The 70,000 images are split as follows:
* 50,000 are put into the training set
* 10,000 are put into the validation set
* 10,000 are put into the test set

In [4]:
print("Length of training set: %d" % len(train_set[0]))
print("Length of validation set: %d" % len(valid_set[0]))
print("Length of test set: %d" % len(test_set[0]))

Length of training set: 50000
Length of validation set: 10000
Length of test set: 10000


## Build a Model

Since this is a classification task, we use train a logistic regression model to classify images into one of 10 categories: 0, 1, 2, ..., 9.

In [5]:
model = linear_model.LogisticRegression(verbose = 1)
model.fit(train_set[0][0:20000], train_set[1][0:20000])

[LibLinear]

LogisticRegression(C=1.0, class_weight=None, dual=False, fit_intercept=True,
          intercept_scaling=1, max_iter=100, multi_class='ovr', n_jobs=1,
          penalty='l2', random_state=None, solver='liblinear', tol=0.0001,
          verbose=1, warm_start=False)

In [6]:
pred = model.predict(test_set[0])
print metrics.accuracy_score(test_set[1], pred)
print zip(pred[0:100], test_set[1][0:100])
for tuple in zip(pred[0:100], test_set[1][0:100]):
    if tuple[0] != tuple[1]:
        print tuple

0.9114
[(7, 7), (2, 2), (1, 1), (0, 0), (4, 4), (1, 1), (4, 4), (9, 9), (6, 5), (9, 9), (0, 0), (6, 6), (9, 9), (0, 0), (1, 1), (5, 5), (9, 9), (7, 7), (5, 3), (4, 4), (9, 9), (6, 6), (6, 6), (5, 5), (4, 4), (0, 0), (7, 7), (4, 4), (0, 0), (1, 1), (3, 3), (1, 1), (3, 3), (4, 4), (7, 7), (2, 2), (7, 7), (1, 1), (3, 2), (1, 1), (1, 1), (7, 7), (4, 4), (2, 2), (3, 3), (5, 5), (1, 1), (2, 2), (4, 4), (4, 4), (6, 6), (3, 3), (5, 5), (5, 5), (6, 6), (0, 0), (4, 4), (1, 1), (9, 9), (5, 5), (7, 7), (2, 8), (9, 9), (2, 3), (7, 7), (4, 4), (7, 6), (4, 4), (3, 3), (0, 0), (7, 7), (0, 0), (2, 2), (9, 9), (1, 1), (7, 7), (3, 3), (1, 2), (9, 9), (7, 7), (7, 7), (6, 6), (2, 2), (7, 7), (8, 8), (4, 4), (7, 7), (3, 3), (6, 6), (1, 1), (3, 3), (6, 6), (9, 9), (3, 3), (1, 1), (4, 4), (1, 1), (7, 7), (6, 6), (9, 9)]
(6, 5)
(5, 3)
(3, 2)
(2, 8)
(2, 3)
(7, 6)
(1, 2)


## Mean Normalization
Let's normalize the data to see if that improves performance! 

In [7]:
train_X = train_set[0][0:20000]

train_y = train_set[1][0:20000]
X_scaled = preprocessing.scale(train_X)



In [8]:
model_scaled = linear_model.LogisticRegression(verbose = 1)
model_scaled.fit(X_scaled, train_y)

[LibLinear]

LogisticRegression(C=1.0, class_weight=None, dual=False, fit_intercept=True,
          intercept_scaling=1, max_iter=100, multi_class='ovr', n_jobs=1,
          penalty='l2', random_state=None, solver='liblinear', tol=0.0001,
          verbose=1, warm_start=False)

In [9]:
pred = model_scaled.predict(preprocessing.scale(test_set[0]))
print metrics.accuracy_score(test_set[1], pred)
for tuple in zip(pred[0:100], test_set[1][0:100]):
    if tuple[0] != tuple[1]:
        print tuple

0.9013
(6, 5)
(8, 3)
(3, 2)
(2, 8)
(1, 6)
(1, 2)


Our accuracy went down by 1% after we scaled the data.
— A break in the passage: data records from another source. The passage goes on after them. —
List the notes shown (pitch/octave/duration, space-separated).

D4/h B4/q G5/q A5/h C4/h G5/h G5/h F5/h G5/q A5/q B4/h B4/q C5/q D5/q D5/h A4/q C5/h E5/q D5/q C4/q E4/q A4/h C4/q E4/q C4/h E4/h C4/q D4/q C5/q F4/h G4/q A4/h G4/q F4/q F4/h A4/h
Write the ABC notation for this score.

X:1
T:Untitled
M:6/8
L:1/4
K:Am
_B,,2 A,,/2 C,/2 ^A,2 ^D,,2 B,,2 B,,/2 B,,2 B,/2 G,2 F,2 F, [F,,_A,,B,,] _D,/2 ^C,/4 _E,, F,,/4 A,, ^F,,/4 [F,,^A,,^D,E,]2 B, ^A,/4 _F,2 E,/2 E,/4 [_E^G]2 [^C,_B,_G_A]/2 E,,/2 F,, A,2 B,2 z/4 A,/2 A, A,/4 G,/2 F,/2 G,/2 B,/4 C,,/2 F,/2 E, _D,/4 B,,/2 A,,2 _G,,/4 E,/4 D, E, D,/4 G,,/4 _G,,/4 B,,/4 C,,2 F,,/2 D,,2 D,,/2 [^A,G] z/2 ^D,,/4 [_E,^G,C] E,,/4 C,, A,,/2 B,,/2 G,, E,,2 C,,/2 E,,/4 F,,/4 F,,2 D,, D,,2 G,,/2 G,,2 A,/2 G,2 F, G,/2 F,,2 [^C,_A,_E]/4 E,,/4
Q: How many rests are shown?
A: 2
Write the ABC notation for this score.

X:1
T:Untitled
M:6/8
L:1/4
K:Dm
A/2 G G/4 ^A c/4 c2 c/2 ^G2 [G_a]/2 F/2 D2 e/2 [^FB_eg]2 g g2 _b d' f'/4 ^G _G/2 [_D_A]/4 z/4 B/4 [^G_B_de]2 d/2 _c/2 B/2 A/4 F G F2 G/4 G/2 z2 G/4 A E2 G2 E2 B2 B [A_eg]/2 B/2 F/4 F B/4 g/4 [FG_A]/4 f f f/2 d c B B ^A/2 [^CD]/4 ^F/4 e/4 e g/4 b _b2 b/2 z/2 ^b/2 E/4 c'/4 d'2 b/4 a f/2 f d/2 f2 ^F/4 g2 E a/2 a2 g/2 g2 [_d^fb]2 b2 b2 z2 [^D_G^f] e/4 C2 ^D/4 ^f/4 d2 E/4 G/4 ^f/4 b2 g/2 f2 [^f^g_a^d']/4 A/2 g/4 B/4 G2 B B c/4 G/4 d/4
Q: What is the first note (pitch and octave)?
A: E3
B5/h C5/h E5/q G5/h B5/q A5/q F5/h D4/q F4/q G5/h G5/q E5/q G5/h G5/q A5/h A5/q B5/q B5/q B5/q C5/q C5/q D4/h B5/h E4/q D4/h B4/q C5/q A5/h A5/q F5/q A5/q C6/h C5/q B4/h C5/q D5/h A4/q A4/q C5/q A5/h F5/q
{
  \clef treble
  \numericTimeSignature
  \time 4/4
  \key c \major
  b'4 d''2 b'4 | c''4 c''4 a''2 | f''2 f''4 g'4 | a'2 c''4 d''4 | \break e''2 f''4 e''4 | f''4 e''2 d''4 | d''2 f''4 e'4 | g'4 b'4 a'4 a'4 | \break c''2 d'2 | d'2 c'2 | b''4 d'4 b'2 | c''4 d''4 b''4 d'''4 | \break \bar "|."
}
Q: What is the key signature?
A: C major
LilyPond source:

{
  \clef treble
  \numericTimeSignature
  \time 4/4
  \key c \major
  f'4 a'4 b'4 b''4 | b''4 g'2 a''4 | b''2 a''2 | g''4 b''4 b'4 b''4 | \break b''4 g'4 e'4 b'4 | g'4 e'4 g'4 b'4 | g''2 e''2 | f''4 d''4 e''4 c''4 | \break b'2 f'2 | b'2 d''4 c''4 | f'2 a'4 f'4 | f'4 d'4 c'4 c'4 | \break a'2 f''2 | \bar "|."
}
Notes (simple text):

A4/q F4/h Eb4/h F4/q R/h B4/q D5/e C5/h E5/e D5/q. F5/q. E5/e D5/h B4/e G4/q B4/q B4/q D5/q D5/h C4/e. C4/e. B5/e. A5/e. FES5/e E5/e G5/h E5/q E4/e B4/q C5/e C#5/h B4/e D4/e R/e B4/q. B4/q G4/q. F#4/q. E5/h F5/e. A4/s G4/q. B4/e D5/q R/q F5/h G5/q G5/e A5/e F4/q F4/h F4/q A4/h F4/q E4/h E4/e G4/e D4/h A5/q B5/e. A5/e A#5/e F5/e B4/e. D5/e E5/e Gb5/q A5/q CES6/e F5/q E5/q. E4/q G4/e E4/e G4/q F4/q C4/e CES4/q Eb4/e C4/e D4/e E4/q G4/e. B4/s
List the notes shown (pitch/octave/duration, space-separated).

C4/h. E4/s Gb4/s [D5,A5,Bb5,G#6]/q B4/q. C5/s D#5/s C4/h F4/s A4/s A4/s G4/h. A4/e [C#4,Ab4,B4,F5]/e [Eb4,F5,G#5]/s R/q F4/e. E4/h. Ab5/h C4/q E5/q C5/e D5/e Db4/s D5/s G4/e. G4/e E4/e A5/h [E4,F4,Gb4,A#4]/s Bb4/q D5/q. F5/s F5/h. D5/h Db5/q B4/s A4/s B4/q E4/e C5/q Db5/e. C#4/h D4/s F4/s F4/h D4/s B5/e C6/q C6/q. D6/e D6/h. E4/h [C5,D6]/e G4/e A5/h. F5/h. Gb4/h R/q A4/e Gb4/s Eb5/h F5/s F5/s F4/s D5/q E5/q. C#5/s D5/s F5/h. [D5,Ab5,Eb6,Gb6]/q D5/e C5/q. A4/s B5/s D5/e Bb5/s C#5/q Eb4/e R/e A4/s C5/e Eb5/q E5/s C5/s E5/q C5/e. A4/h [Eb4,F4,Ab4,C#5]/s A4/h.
One possible explanation for this is that our dataset has small numbers that are sparse (i.e. the number of 0s outnumber the number of non-zero values). This means that the standard deviation is very close to 0 and that can cause numeric issues when scaling the data. In this case, it is probably better to use the raw data.

# Present the Results

Using logistic regression, we correctly recognize images in the test set ~92% of the time. This is pretty accurate but our model is probably not good enough to be used in critical services like the USPS.

We can also graph the learned coefficients for each digit to get an visualization of how our logistic regression model has learned the data.

In [11]:
# display coefficients for each digit
for val, rep in enumerate(model.coef_):
    plt.rc('image', cmap='binary')
    # reshape first training image into 28x28 format
    plt.matshow((rep.reshape(28, 28)))
    # label of first training image
    plt.title(val)
    plt.show()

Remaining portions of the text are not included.